ただ、この法律の中で注意してほしいのは、この基本政策の策定に当たって、国や都道府県が助言したり助成することができるとなっていますが、この助言が指導・監督にならなければいいがなという気がするわけです。もしそうなったときには、恐らく今以上に衰退していくのではなかろうか。国や地方公共団体は、総じて言えば行政のまちづくり政策をたどっていくと、いろいろな政策がだんだん手厚くなっていきます。しかし、現実問題としては商店街は寂れていっているという現状から見ると、先ほどから申し上げているように、行政と住民とのすき間が大きいのではなかろうかという気がしてなりません。

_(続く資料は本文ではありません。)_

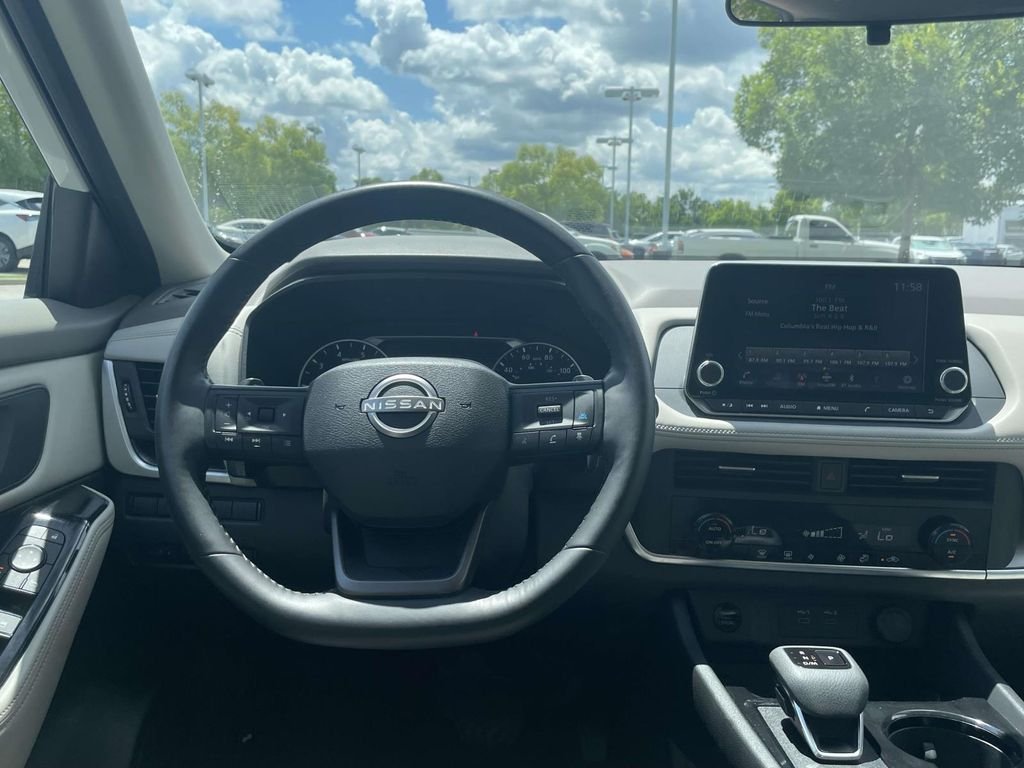 2025 Nissan Rogue SV - Photo 13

そこで前述のように、自己決定はするが自己責任を持たないじゃないかというのを、何とかして両者が一体になって、自己決定をして、自己責任をとるという体制に持っていけないだろうかというような気がしてなりません。これが今後のまちづくりの一番重点になっていくだろう。そうすれば、前述のように、環境を中心とした社会規制、それに伴うところのまちづくりができていく。東大の名誉教授の伊藤滋さんがおっしゃったように、フランスで見られるそうですが、3階に学生を住まわせて、若者と年寄りが住んだらどうか。そして、町のにおい、生活のにおいをさせたまちづくりをしていったらどうだろうかということを言っていますが、私もそのとおりだと感じています。

河本 ありがとうございました。
次に、道上先生に、今まで数多くかかわってこられた県内のいろいろなまちづくりについて、特に住民参加型の行政システムのあり方といったことについてお願いしたいと思います。

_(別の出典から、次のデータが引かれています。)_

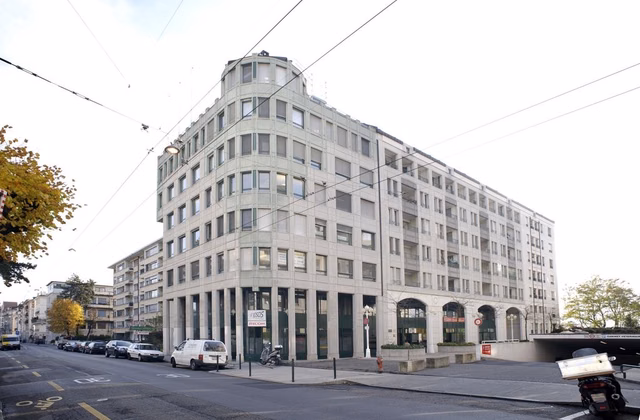 PLUSIEURS PLACE DE PARC PARKING MOTO AU SOUS-SOL DE L'IMMEUBLE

道上 我が国の場合、今までどうしても経済とか産業に投資して、まず経済的に豊かになることを追求してきました。それも戦後ゼロから出発するときはやむを得なかったと思いますが、その反面、町にまちづくりのための投資が非常に少なかったのではないか。官主導で多少はやられてきましたが、それでも欧米の町に比べたら非常に汚い。あまり町を見て歩くような気がしないのです。その要因としては、投資が非常に少なかったということと同時に、官主導型でやったけれども、それぞれの人が持っている土地所有権が非常に強過ぎてなかなかうまくできなかった。先ほどお話がありましたように、その辺で苦労されたのではないかと思います。

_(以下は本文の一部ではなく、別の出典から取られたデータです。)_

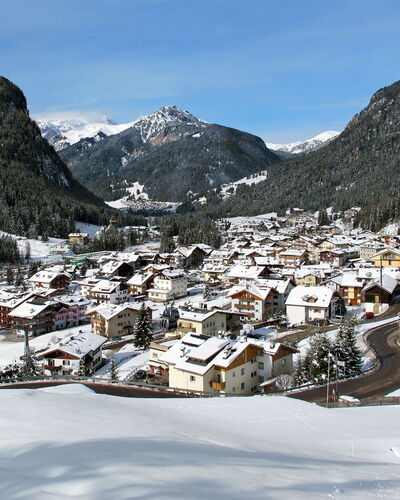 Domus Canazei: Mountainous Landforms, Mountain, Hill, Mountain Range, Hill Station, Highland, Landscape, Valley, Winter, Village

そこで、これからはぜひ住民参加型のまちづくりが必要ではないか。今のところは自己主張ばかり多くて、なかなかうまくいかないのですが、例えばこの近くを流れている川についても、住民が集まって、その中に行政も入っていって、みんなでどうして川の改修を図ろうかと考える、そのようなシステムをこれからはぜひつくっていかなければなりません。